Later came Hollywood success such as his score for Denis Villeneuve’s Sicario in 2015. He won a Golden Globe in 2015 for his score to James Marsh’s The Theory of Everything and a year later his contributions to Villeneuve’s Arrival. His rejected score for the Ridley Scott-produced Blade Runner 2049 will surely be cleared for release at some point.

The previously unrecorded Drone Mass was written for voices, string quartet and electronics, commissioned and premiered by the American Contemporary Music Ensemble, ACME, who toured and recorded with Johannsson for almost 10 years.

In collaboration with Grammy Award-winning vocal ensemble Theatre of Voices, conducted by Paul Hillier. The album is a richly mysterious accomplishment which at times bears comparison with the meditative minimalism of composers such as Arvo Part, Ryuichi Sakamoto and Henryk Gorecki.
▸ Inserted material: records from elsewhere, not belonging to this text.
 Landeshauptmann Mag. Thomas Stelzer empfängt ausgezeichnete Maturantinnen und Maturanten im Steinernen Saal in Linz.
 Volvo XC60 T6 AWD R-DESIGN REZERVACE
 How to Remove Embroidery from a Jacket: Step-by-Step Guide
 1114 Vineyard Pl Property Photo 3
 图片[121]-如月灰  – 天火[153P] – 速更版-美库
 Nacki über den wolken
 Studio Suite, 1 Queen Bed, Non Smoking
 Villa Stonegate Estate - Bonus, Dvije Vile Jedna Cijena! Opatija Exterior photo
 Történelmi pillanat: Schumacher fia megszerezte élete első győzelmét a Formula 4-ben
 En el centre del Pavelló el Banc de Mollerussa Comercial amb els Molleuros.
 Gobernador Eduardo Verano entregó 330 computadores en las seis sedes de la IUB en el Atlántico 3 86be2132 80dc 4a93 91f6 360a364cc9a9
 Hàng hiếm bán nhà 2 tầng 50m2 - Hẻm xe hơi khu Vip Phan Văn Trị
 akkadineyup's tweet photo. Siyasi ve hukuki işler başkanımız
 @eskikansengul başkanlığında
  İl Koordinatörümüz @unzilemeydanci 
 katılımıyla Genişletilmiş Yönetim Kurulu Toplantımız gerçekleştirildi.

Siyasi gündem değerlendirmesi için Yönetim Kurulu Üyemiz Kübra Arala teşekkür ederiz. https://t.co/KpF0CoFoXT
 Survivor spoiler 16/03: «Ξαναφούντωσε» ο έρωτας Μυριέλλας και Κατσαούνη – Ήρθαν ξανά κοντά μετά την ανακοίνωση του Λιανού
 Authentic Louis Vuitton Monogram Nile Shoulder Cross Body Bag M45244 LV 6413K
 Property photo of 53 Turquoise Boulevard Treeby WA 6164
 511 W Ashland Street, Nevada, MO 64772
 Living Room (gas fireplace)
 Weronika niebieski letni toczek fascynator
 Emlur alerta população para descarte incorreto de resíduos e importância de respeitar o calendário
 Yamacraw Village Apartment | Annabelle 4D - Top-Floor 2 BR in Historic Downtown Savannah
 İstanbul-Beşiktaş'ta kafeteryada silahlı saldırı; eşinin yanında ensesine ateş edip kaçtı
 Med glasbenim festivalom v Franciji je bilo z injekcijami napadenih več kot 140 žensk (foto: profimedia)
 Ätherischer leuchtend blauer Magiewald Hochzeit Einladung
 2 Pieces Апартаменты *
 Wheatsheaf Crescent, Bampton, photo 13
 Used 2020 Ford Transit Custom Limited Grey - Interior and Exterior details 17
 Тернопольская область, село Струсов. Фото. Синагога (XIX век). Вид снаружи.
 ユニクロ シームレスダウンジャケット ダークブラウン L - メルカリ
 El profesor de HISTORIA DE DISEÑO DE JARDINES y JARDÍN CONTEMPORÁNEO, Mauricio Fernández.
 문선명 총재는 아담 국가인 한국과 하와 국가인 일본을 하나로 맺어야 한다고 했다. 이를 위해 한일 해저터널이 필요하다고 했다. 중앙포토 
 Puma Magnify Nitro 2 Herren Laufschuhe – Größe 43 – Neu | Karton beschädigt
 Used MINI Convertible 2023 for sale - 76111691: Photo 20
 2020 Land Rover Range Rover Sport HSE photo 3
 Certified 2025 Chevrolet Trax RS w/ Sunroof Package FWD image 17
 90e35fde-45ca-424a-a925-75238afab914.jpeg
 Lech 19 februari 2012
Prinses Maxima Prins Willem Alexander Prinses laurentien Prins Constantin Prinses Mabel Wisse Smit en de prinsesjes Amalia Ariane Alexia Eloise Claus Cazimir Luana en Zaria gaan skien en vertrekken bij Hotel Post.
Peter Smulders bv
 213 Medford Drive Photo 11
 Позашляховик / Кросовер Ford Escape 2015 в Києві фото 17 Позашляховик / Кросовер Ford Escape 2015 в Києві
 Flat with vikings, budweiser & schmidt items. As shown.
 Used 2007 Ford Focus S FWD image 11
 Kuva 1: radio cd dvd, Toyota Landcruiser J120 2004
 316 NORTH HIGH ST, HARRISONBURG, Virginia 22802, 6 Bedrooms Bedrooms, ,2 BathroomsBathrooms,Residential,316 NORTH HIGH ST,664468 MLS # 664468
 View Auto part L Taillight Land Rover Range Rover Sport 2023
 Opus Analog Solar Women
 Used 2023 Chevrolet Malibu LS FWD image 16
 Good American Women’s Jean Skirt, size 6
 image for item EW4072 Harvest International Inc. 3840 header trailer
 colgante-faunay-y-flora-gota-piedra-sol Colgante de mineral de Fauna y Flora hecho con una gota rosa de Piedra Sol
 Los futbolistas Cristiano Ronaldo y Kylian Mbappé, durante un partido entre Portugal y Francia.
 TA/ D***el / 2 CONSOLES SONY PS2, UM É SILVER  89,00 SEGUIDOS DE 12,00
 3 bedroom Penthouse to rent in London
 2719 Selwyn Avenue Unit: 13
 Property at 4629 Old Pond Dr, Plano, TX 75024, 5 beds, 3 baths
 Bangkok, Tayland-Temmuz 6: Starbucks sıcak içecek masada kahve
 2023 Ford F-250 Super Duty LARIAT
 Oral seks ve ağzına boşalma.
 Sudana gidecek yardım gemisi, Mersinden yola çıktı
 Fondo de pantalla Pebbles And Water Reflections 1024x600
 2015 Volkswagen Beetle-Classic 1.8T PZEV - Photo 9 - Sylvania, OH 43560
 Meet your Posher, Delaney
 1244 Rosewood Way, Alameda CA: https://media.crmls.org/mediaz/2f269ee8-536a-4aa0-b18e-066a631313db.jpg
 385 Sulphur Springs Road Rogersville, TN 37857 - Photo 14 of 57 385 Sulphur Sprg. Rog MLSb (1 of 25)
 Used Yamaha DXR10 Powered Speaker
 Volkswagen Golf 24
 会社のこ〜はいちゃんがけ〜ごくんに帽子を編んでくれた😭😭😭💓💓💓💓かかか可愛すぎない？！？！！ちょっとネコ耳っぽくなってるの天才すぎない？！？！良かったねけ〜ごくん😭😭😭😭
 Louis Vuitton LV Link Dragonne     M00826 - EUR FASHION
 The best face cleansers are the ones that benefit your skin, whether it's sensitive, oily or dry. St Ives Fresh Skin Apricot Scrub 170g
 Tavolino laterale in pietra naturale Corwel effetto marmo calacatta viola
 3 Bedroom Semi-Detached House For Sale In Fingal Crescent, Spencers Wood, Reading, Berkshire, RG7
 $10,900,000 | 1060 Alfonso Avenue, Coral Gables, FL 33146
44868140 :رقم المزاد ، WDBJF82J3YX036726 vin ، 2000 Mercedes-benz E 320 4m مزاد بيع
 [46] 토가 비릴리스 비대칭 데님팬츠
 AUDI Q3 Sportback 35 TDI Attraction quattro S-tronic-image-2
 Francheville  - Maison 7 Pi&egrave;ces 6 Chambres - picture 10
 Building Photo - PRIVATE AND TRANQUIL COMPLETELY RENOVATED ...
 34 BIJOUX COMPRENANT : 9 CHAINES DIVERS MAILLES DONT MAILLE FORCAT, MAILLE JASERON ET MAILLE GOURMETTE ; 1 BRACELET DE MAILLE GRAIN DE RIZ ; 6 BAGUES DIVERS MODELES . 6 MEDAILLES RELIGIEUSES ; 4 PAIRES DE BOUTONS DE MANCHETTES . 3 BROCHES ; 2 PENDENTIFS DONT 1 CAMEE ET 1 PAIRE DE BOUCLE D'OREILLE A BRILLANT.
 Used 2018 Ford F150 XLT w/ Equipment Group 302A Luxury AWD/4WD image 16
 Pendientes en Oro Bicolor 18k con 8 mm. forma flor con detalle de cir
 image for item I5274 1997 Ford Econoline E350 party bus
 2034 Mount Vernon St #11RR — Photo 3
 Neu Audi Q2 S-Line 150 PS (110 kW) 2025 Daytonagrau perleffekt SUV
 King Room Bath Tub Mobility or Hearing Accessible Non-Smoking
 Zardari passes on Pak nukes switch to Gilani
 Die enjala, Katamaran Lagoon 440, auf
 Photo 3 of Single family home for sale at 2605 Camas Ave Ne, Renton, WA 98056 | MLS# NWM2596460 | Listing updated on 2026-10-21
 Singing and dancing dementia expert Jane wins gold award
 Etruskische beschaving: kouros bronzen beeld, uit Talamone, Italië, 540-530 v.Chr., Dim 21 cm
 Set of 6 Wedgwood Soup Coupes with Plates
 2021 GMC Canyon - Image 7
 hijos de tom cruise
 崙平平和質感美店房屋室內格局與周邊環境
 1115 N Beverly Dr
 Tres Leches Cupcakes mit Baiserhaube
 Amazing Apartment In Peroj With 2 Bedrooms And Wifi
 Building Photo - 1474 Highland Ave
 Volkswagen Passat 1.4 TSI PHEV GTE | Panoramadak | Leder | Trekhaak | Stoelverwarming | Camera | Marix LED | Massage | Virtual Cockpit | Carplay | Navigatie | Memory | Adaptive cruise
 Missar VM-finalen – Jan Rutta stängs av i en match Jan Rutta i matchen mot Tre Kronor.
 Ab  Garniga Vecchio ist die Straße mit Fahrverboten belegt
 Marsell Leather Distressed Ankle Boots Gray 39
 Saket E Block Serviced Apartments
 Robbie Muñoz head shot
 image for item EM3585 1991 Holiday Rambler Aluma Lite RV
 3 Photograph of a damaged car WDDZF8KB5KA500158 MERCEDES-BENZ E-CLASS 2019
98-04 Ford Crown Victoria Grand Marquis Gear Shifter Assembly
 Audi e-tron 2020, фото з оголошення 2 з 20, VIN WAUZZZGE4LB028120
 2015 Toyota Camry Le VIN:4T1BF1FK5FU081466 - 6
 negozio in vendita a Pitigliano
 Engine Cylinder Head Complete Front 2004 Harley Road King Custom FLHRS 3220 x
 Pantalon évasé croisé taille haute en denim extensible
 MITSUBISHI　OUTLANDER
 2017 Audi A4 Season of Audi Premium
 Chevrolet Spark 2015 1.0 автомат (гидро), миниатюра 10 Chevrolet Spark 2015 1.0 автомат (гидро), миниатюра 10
Beginning with strings and voices, but slowly integrating Johannsson’s electronic techniques into its unique Iceland-inspired soundscape. Source material for the composition includes the so-called Coptic Gospel of the Egyptians, discovered in Egypt in 1945. Among other texts, Johannsson uses a hymn described as consisting of “a seemingly meaningless series of vowels.”

The work’s 2015 premiere took place in the spectacular setting of the Egyptian Temple of Dendur at New York’s Metropolitan Museum of Art. The album was recorded in May 2019 at the Garnisonskirken Church in Copenhagen. A highlight is the remarkable late movement Take the night air. A fusion of electronic and vocal sounds. All add up to give a feeling of weightless floating emotion.

Johannsson uses FX and processing as a kind of Higgs boson — the particle that gives mass to the other particles. By the middle of the movement the mood becomes heavy and massive so that when the voices enter with bursting melodic hook lines, it sounds like ghosts echoing in a darkened then floodlit cathedral.

While the score for the vocal parts is clearly defined Johannsson would often leave instrumental parts slightly open, especially when working with musicians like ACME, to whom he felt close.

Hillier and Theatre of Voices thrive in this playful experimentation. Johannsson died in Berlin on February 9 2018, aged 48, following what the coroner described an an accidental cocaine overdose. Tragically, young and with so much still to offer. Drone Mass is a beguiling moving and personal dream like tribute from some of those who knew him best in music.